To eliminate the blocking effect more powerful, in this paper, according the satisfied condition of near pixels at the border of $8 \times 8$ blocks, different filtering patterns are adopted in filtering process: DC filter of strong filtering for smooth area and default mode for pixels in the border of blocks for complex area.

Suppose that $p_{0}, p_{1}, \dots, p_{9}$ are ten consistent pixels in horizontal direction, and the value of $eq_cnt$ denotes the smooth level of the near image of blocks border; and $T_{1}$ is a small threshold, we have

\begin{matrix} eq_cnt = \sum_{i = 0}^{8} ‍ ϕ (p_{i} - p_{i + 1}), \end{matrix}

(3)

where

\begin{matrix} ϕ (σ) = {\begin{cases} 1 & if | σ | ⩽ T_{1}, \\ 0 & otherwise . \end{cases} \end{matrix}

(4)

If present pixels $p_{0}, p_{1}, \dots, p_{9}$ are in smooth area, the value of $eq_cnt$ would be relatively great. On the contrary, if the present pixels are in complex area, the value of $eq_cnt$ would be very small. We employ (5) to determine the desired filtering mode, DC offset mode or default mode, denoted by $filter_mode$ . Consider

\begin{matrix} filter_mode = {\begin{cases} DC_offset & if eq_cnt T_{2}, \\ default & otherwise . \end{cases} \end{matrix}

(5)

Suppose that $T_{2}$ is a threshold larger than $T_{1}$ . Examining the blocking effect areas cause by little DC offset. If $eq_cnt ⩾ T_{2}$ , the blocking area is smooth area and DC filtering mode is adopted. Inversely, the blocking area is complex area and default filtering mode is selected.

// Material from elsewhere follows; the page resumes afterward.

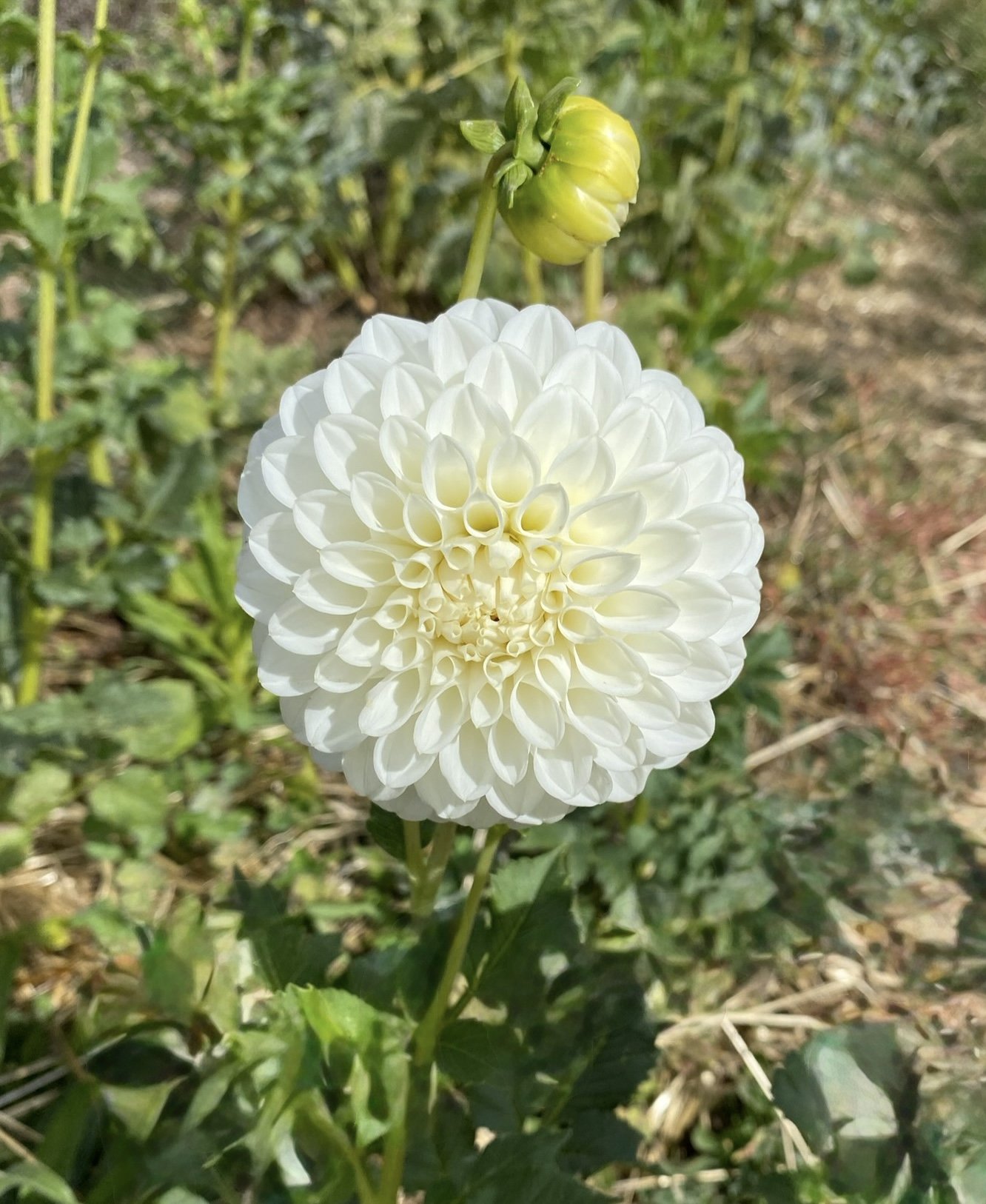 IMG_4014.jpeg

4.2. Deringing Effect Filter

The coarse quantification of the high-frequency components of image results in ringing effect. If high-frequency components, which corresponding to the strong edges of image, such as high contrast, occur quantization error, the nearby region of the strong edges would appear to be fake edge. The core of the ringing effect eliminating algorithm is how to distinguish the ringing and real edge. The most common method is examining the edge of image first, then using low-pass filter screening the no-edge pixels to achieve the objective of eliminating ringing effect.

The deringing effect filter includes threshold determination, identifier evaluation and adaptive smoothing. Every pixel in $8 \times 8$ macroblock all needs to filter. In fact, $10 \times 10$ pixels are used in the process of every $8 \times 8$ macroblock filtering.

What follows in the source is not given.